- TASK DESCRIPTION
The lines below from the one with "Bride Jacquelyn smiles" up to and including the one with "Slide: The Image" are what you should set down, exactly and without pictures.

- DATA EXTRACT
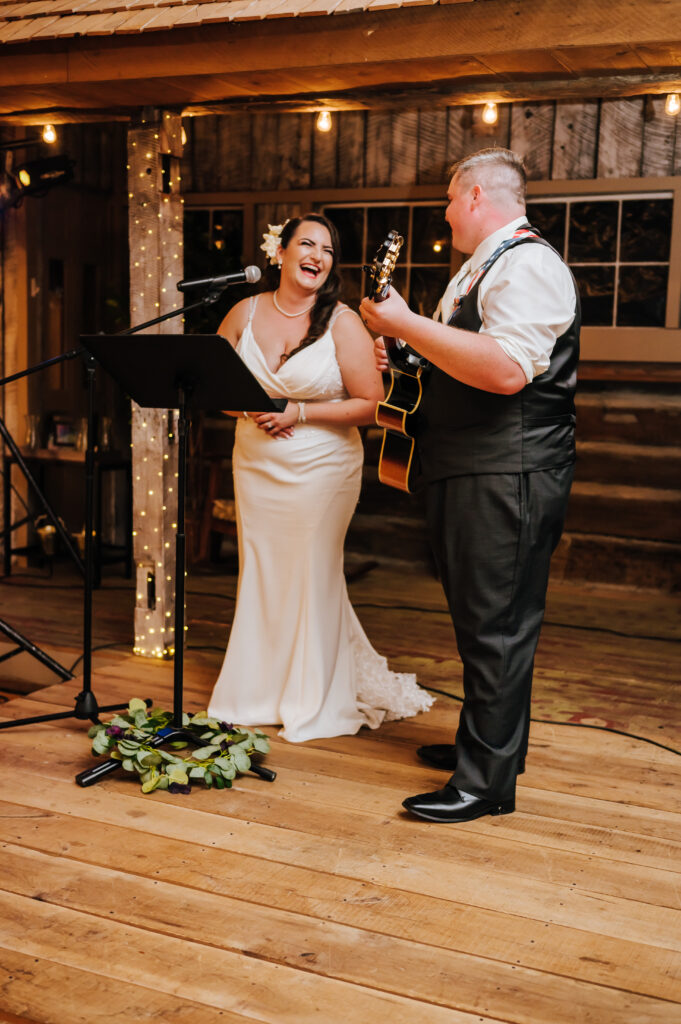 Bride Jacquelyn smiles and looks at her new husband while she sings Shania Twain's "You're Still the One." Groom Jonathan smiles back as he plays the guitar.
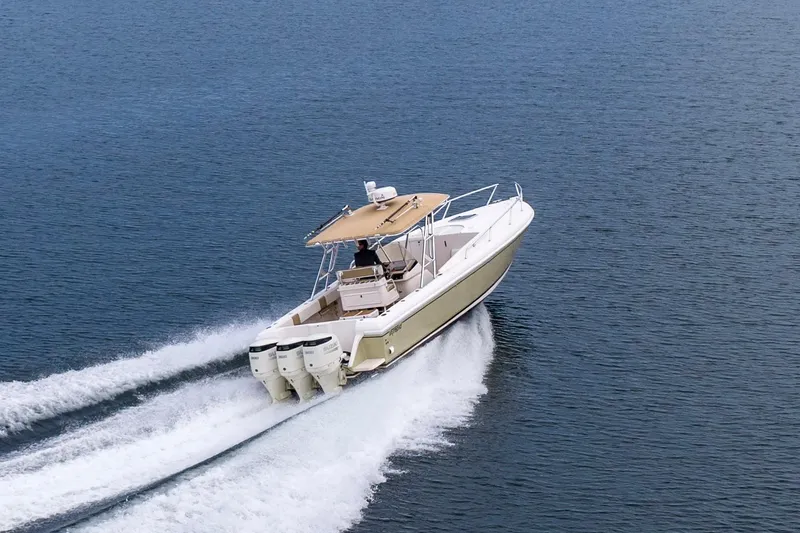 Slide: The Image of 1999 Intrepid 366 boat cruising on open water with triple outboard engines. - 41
...
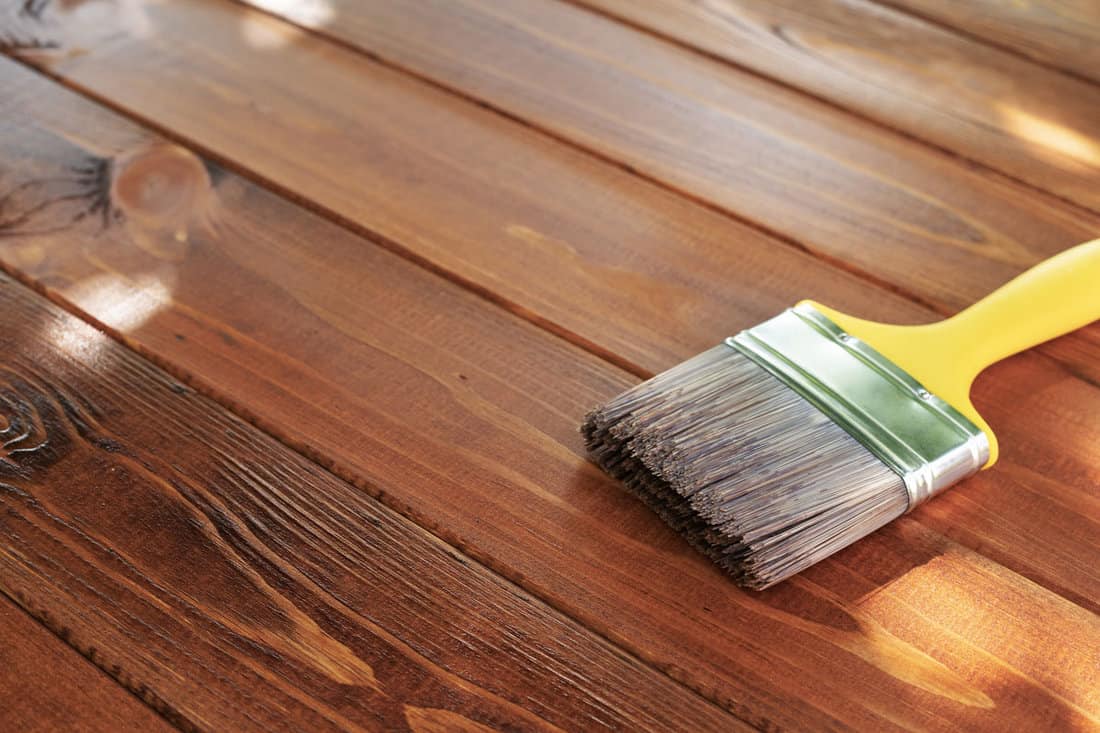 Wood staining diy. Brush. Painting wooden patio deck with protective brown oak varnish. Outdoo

- FINISHED EXERCISE
 Bride Jacquelyn smiles and looks at her new husband while she sings Shania Twain's "You're Still the One." Groom Jonathan smiles back as he plays the guitar.
 Slide: The Image of 1999 Intrepid 366 boat cruising on open water with triple outboard engines. - 41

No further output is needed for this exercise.